1. Beacons:  Google’s study contained data that shows 82% of people turn to smartphones to help with a purchase decision while in a store. As a marketer, there is no better way to connect at the place of purchase than with beacons. Many big retailers such as Macy’s and Lord & Taylor have deployed in-store beacons which product manufacturers can use push offers and discounts to consumers.

2. Mobile Payments: There is a wholesale shift taking place in the payment industry – we have moved from cash, to credit cards, to online payment systems (e.g. PayPal) and now to mobile payments (e.g. Apple Pay). In countries like South Korea, your customer’s phone is their credit card already. In the U.S., adoption has been a bit slower because of a less pervasive wireless footprint. However, new technologies like host card emulation (HCE) allows for mobile payments to happen without a connection to a SIM card.
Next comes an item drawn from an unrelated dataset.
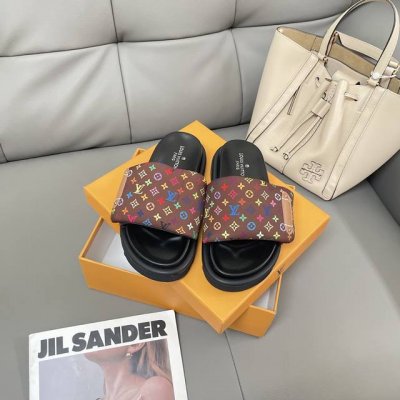 橙子出厂价p louis Vuitton 路易威登 Lv新配色 休闲魔术贴拖鞋 平底凉拖 情侣款 专柜同步更新 鞋面采用独一无二的驴家独特面料 面料轻盈透气 超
3.  Mobile Wallet: Apple’s Passbook and Google Wallet are just a couple of examples of virtual wallets that are not just looking to replace plastic payment cards, but also aim to create one safe environment where customers can store all their loyalty cards, rewards and coupons.  Men’s Wearhouse recently ran a promotion where different offers could be unlocked and saved to a consumer’s mobile wallet automatically.

4.  Biometric Data: Biometric data serves two purposes:  identification (figuring who that someone is) and authentication (verifying that they are indeed that person). Benefits for consumers to adapt biometrics in their daily lives are numerous and range from security and accuracy to speed and convenience. High security activities, such as banking, on mobile devices will benefit from a fingerprint or eye scan for example.

5.  Wearables: Wearable technology is expected to grow in the coming years. Wrist-worn devices (e.g. iWatch, FitBit) are dominating the market now, but we will see a number of new wearable technologies emerge in the coming years (e.g. clothing, eyewear, earwear). For example, marketers could tailor an offer based on how warm someone is, or recommend a different pillow based on sleep disturbances. WeightWatchers has created an app that will sync with a member’s FitBit or Jawbone and has promoted the partnership with a campaign called “Help with the Hard Part.”

The stakes are high as mobile technology advances. The mobile devices of tomorrow will be even more personalized and more deeply intertwined with consumers’ lives than they are today.

Marketers must be prepared to take advantage of all of the new data, conveniences and connections that a mobile device offers a consumer in order to stay not only credible, but relevant.

While many of these advances make it easier for marketers and consumers to interact, if a marketer’s mobile strategy is not well tailored to a consumer’s life and purchase journeys, it will be easier than ever for them to shut the marketer out.